### Hop-Typed Communication Model (NVLink vs NDR) for **LLaMA-3 8B**

This notebook estimates the communication **latency** and **energy** incurred when training or serving LLaMA-3 8B on a DGX-H100.  Each network hop is classified as **NVLink 4** or **InfiniBand NDR 400**, allowing the model to account for the very different bandwidths, startup latencies, and energy costs of those two links.

---

#### Parallelism Strategies Examined
| Strategy | Communication Pattern (per transformer block) |
|----------|----------------------------------------------|
| **Data Parallel (DP)** | All-reduce of full-precision gradients across all GPUs. |
| **Tensor Parallel (TP)** | All-gather the input activations, then reduce-scatter the output activations (equivalent computation as all-reduce) |
| **Pipeline Parallel (PP)** | Point-to-point transfer of activation checkpoints between consecutive pipeline stages. *Pipeline bubbles are **not** modeled.* |
---

We modeled the forward pass for Tensor and Pipeline, and backward pass for Data Parallelism.
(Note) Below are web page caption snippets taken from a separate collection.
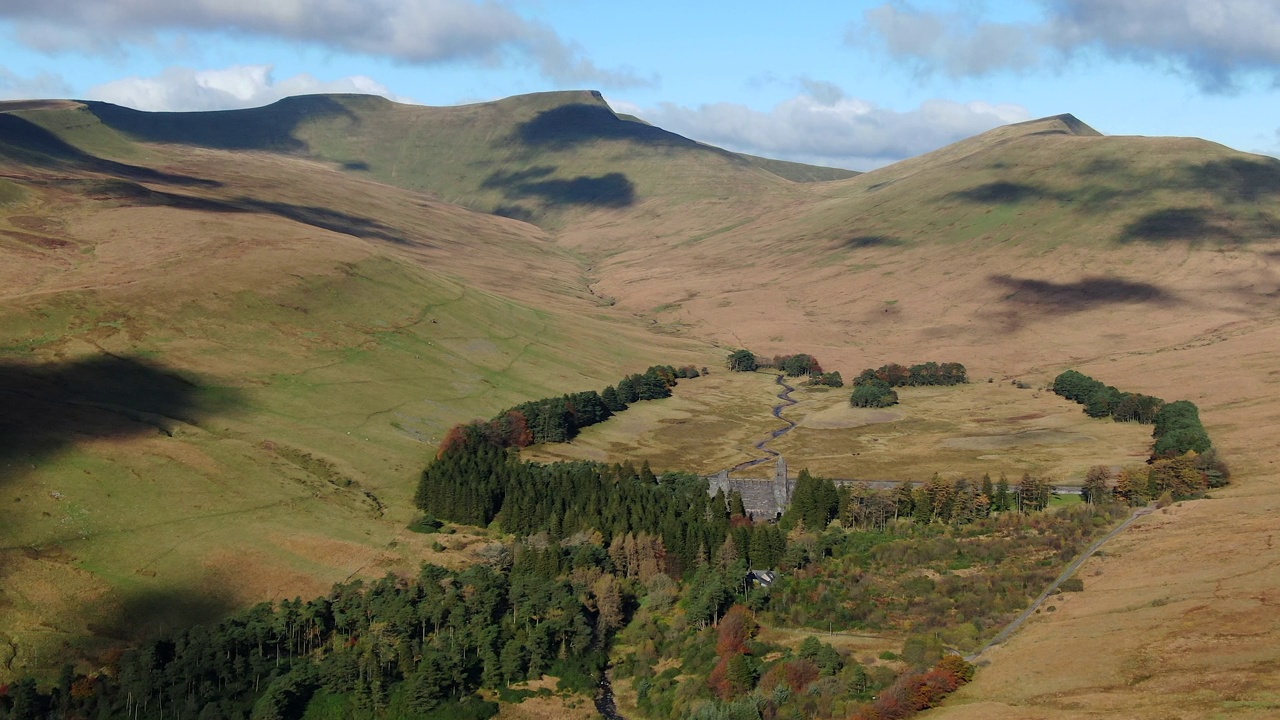 空中的玉米Du, Pen-y-Fan和Cribyn山峰，布雷肯信标国家公园，威尔士，英国视频素材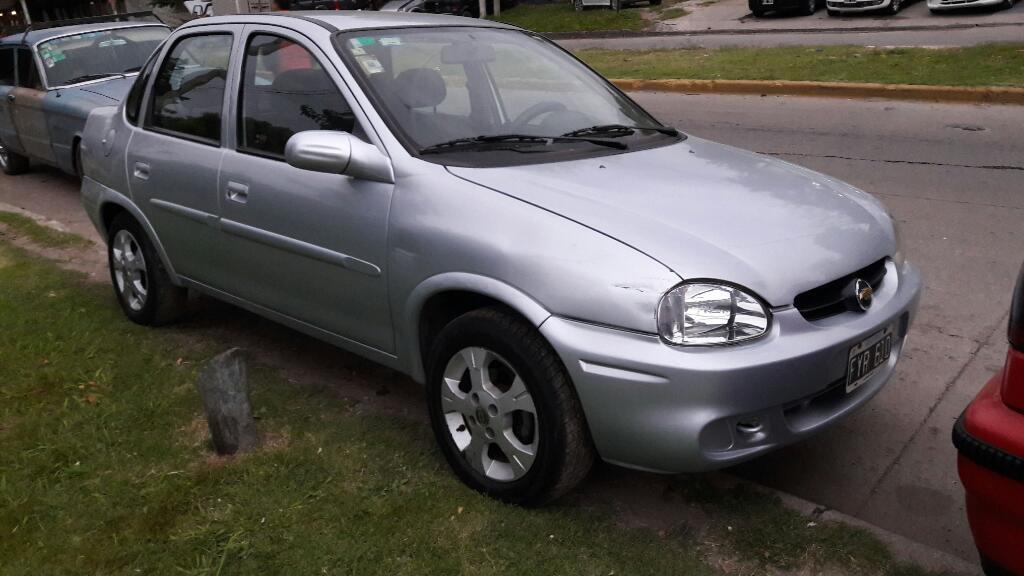 Vendo Corsa con Gnc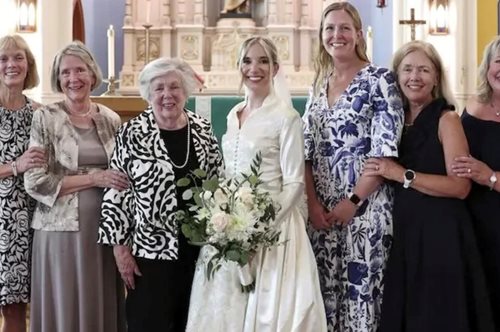 Ένα νυφικό, οκτώ νύφες! Εδώ και 72 χρόνια οι γυναίκες της οικογένειας μοιράζονται το ίδιο φόρεμα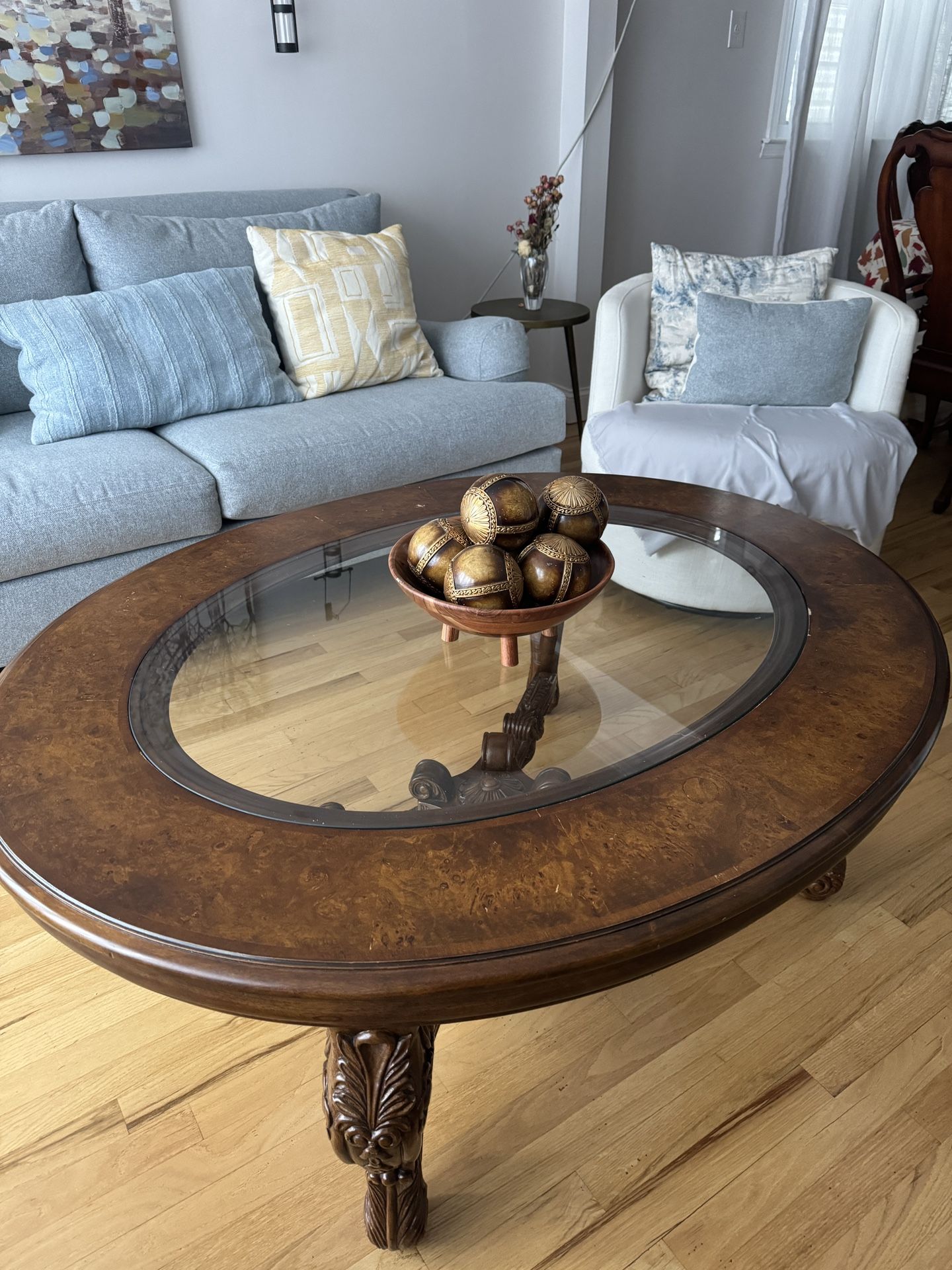 Traditional Wooden Oval Cocktail/Coffee Table with Glass Top 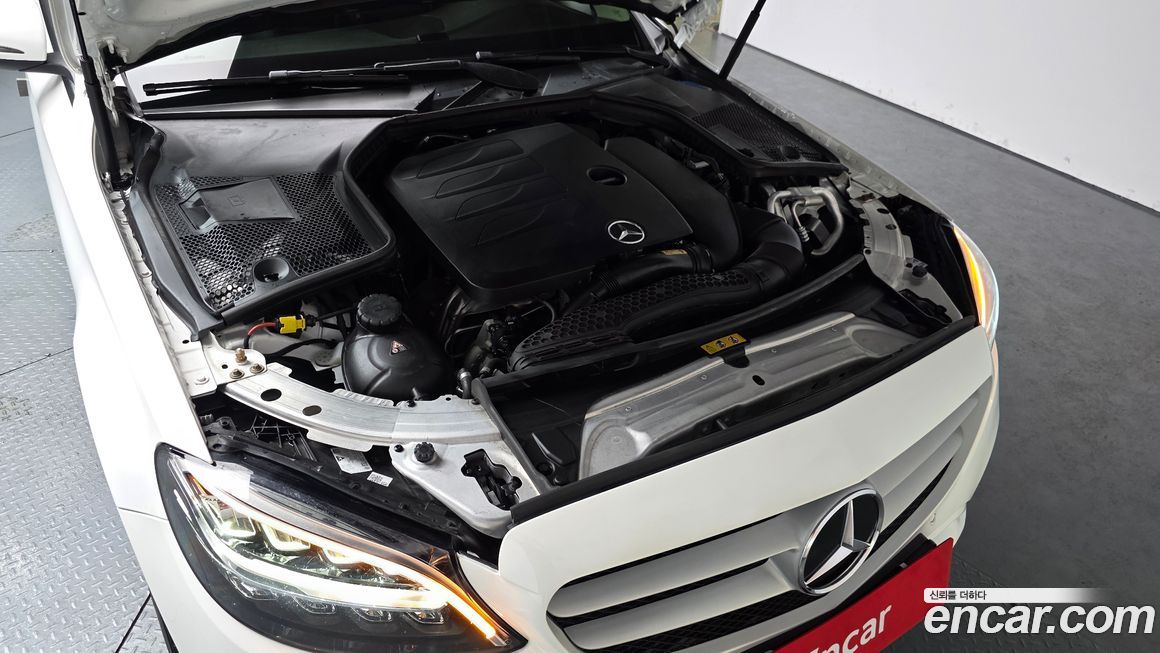 Mercedes-Benz C-Class 2020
The backward pass communication is identical for Tensor and Pipeline parallelism, whilst Data Parallelism has no forward pass communication.

#### Model Scope
- **Architecture:** LLaMA-3 8B  
  – 32 transformer layers, hidden size = 4096, multi-query attention  
- **Numerics:** FP16 / BF16 (2 B per element)  
- **Sequence Length:** 2048 tokens (for activation sizing)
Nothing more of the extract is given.